On the other side of the law, Crowe’s Javert might prove to be a bit of a craw in the sides of some viewers because he’s not the greatest singer in the world. Despite being the frontman for a band in real life, Crowe wisely uses more of his acting muscles here. As someone who adheres so closely to the book that he’s become emotionally and morally stunted, his voice is one that shouldn’t ever convey joy. Crowe does this quite well, giving Javert a real “take it or leave it attitude” that give the film the biggest dose of realism it gets.
The justifiably lauded performance by Anne Hathaway, however, comes hinged to almost a single heartfelt rendition of the musical’s iconic “I Dreamed a Dream,” but the sequence comes marred by Hooper’s decision to shoot largely around Hathaway for large portions rather than closing in on her or even bothering to put her in the centre of a frame unless she’s expressly moving through it. It’s a massive testament to her acting abilities that she still steals the first half of the film away from her higher billed counterparts despite Hooper kind of doing wrong by her.
If anything the second half of the film, which bombastically sets up the barricades for a showdown between the oppressed French commoners and the military, gets saved by an old face from a theatrical staging of the musical and oddly enough by Hooper finally settling into a bit of a groove and getting things more right than wrong.

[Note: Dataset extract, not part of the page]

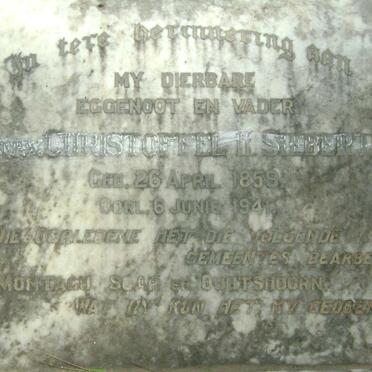 SIEBERT Christoffel H. 1859-1941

The young idealist Marius (Eddie Redmayne, who gets the part if not necessarily having the voice to sell it) falls for the now older Cosette. Not only did Valjean have to duck Javert and a pair of pimps-slash-swindlers (Sacha Baron Cohen and Helena Bonham Carter doing decent work as comedic relief), but now he’s being thrust back into the fight for what it right by virtue of it being at his doorstep. Marius’ affections towards Cosette come at the dismay of the young Eponine, played by British cast member Samantha Barks.
Despite having her role be the one most dramatically changed between the musical and the film seemingly due to time constraints, Barks gets arguably the biggest emotional number of the second half and she nails it nicely. It’s a nice mirror image to Hathaway’s somewhat similar performance if she’s given considerably less to work with in this adaptation. It’s a nice little supporting role that helps give the more action oriented half of the film some nice dramatic weight.
Hooper also effectively ramps things up quite nicely for the climactic finale. He’s still not the greatest visual stylist, but he handles frenetic action far better once the battles and fights begin to take centre stage. He’s a director built for motion – hence his decision to shoot handheld a lot in the first place – and this half of the film doesn’t give him a chance to really rest on quiet moments that he tends to overthing. The finale of Les Misérables is more like what the film should have been the entire time, meaning it’s pretty great, but it had the potential to be outstanding. Nonetheless, it’s certainly no slouch in the entertainment department.